## Records from a data collection
+---+

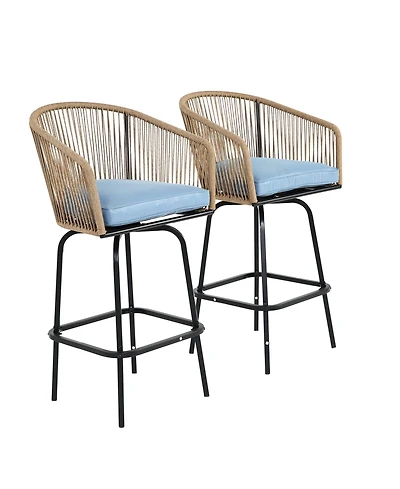 Mondawe Outdoor Bar Stools Set of 2, 2-Piece Patio with Armrests, All Weather Rattan Chairs Backrest, Wicker for Backya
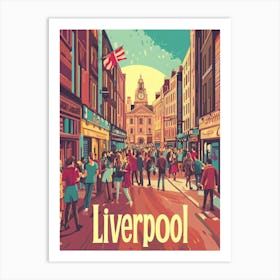 Aihrgdesign A 1970s Inspired Travel Poster For Liverpool Art Print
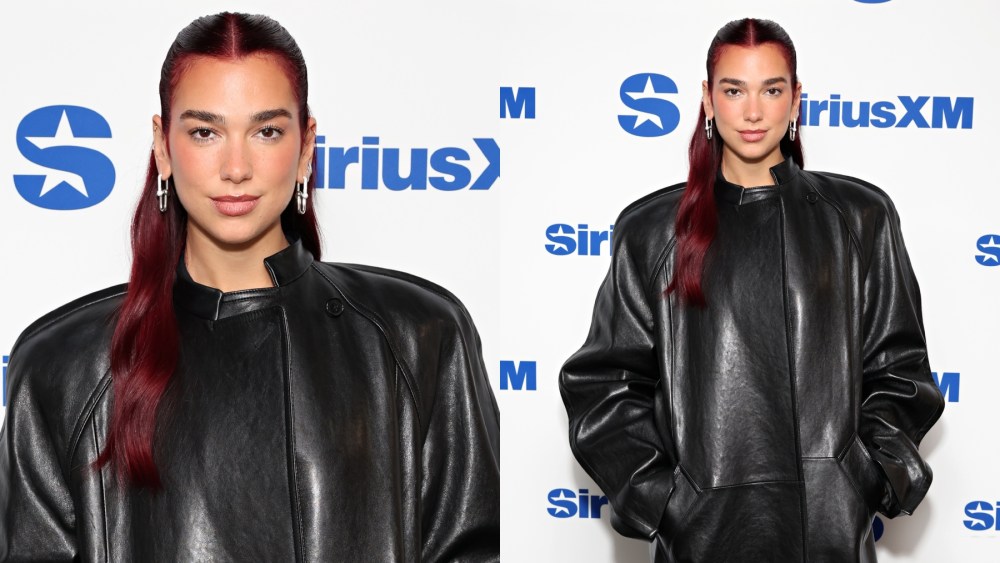 Dua Lipa outside SiriusXM studios on April 24 in New York, Bottega Veneta the matrix outfit coat style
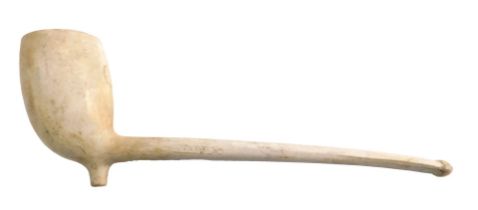 A 19thC clay pipe, stamped with maker W White of Glasgow, 26cm long.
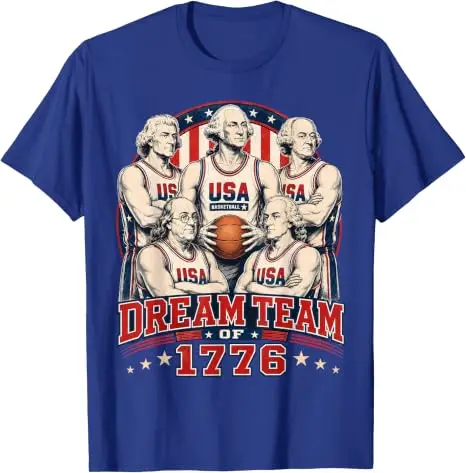 Dream Team of 1776 America 4th of July Independence Team T-Shirt Y2k George Washington USA Basketball Team Graphic Herrenbekleidung – Detail 7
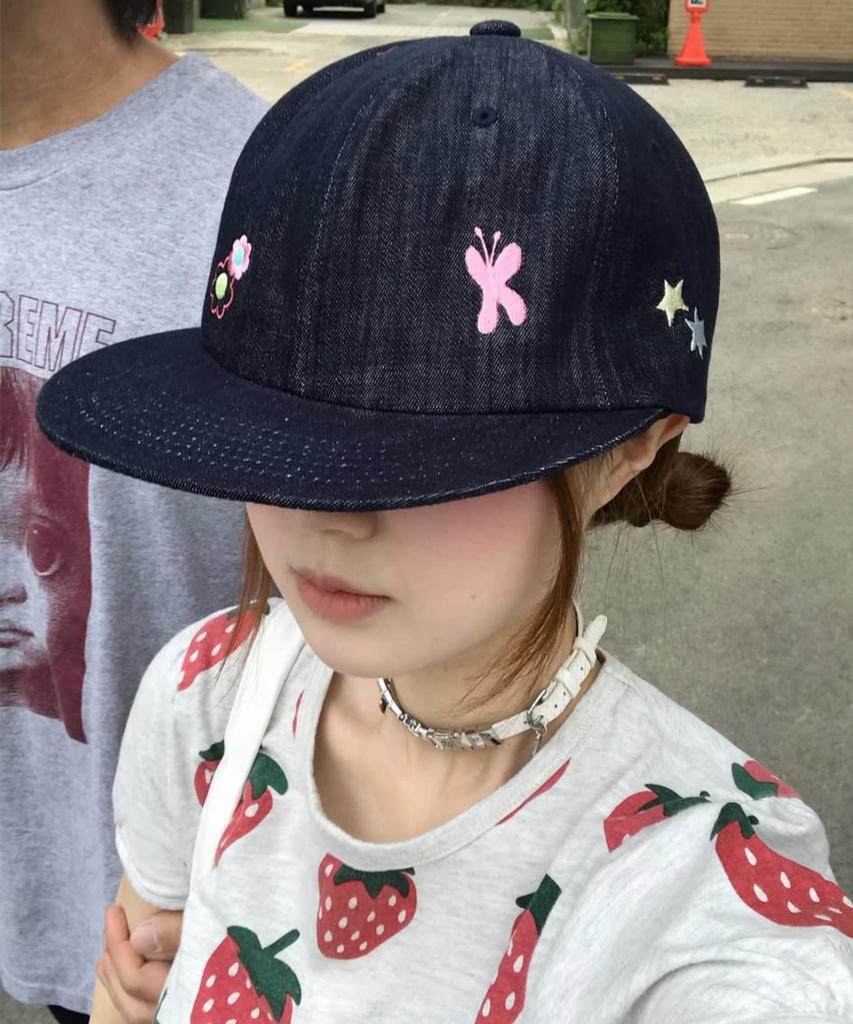 Kiibi Kitsch Washed Denim Cap Navy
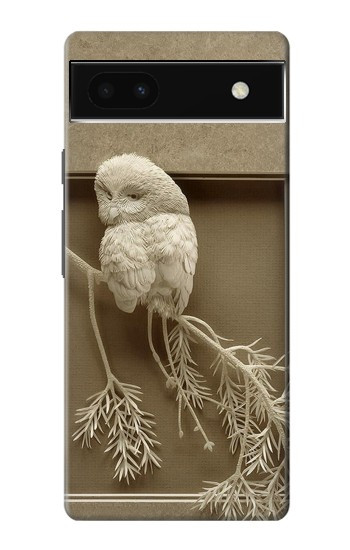 S1386 Sculpture papier Chouette Etui Coque Housse pour Google Pixel 6a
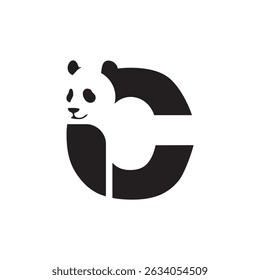 Initial C Panda logo icon vector design template, logo for brand and etc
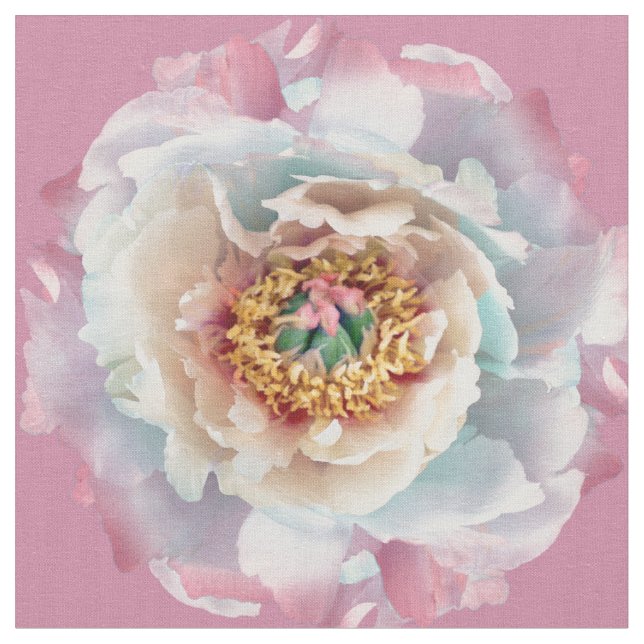 Lush White Peonies Mönster Tyg (Närbild)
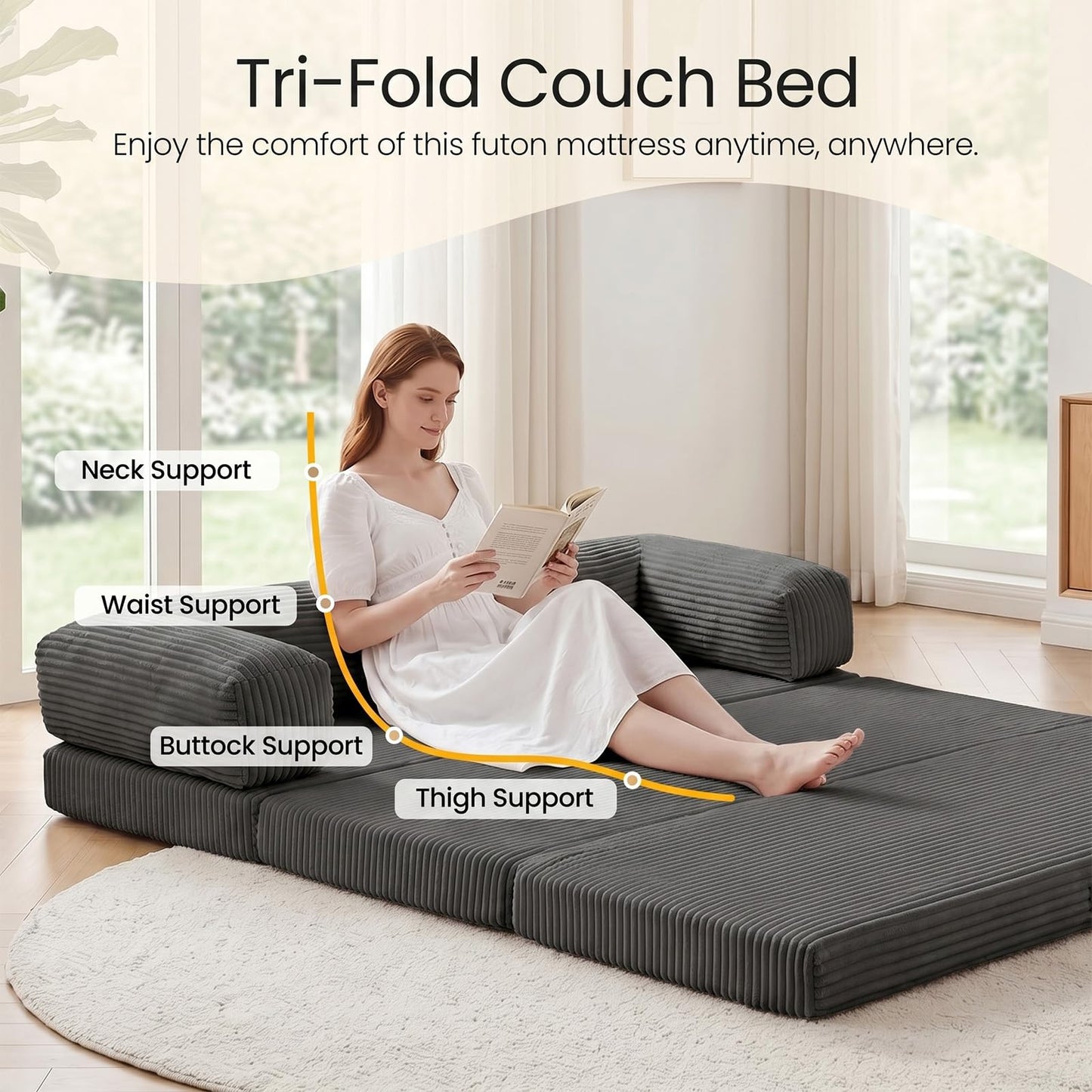 Erament Futon Sofa Bed Queen, Convertible Tri Folding Mattress Couch Bed Foldable with Removable Armrests & Washable Cover, Floor Mattress with High-Density Foam, Small Couch Bed, Queen, Grey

+---+

## Action item
Produce a verbatim copy of all records, minus pictures.

## Solved exercise
 Mondawe Outdoor Bar Stools Set of 2, 2-Piece Patio with Armrests, All Weather Rattan Chairs Backrest, Wicker for Backya
 Aihrgdesign A 1970s Inspired Travel Poster For Liverpool Art Print
 Dua Lipa outside SiriusXM studios on April 24 in New York, Bottega Veneta the matrix outfit coat style
 A 19thC clay pipe, stamped with maker W White of Glasgow, 26cm long.
 Dream Team of 1776 America 4th of July Independence Team T-Shirt Y2k George Washington USA Basketball Team Graphic Herrenbekleidung – Detail 7
 Kiibi Kitsch Washed Denim Cap Navy
 S1386 Sculpture papier Chouette Etui Coque Housse pour Google Pixel 6a
 Initial C Panda logo icon vector design template, logo for brand and etc
 Lush White Peonies Mönster Tyg (Närbild)
 Erament Futon Sofa Bed Queen, Convertible Tri Folding Mattress Couch Bed Foldable with Removable Armrests & Washable Cover, Floor Mattress with High-Density Foam, Small Couch Bed, Queen, Grey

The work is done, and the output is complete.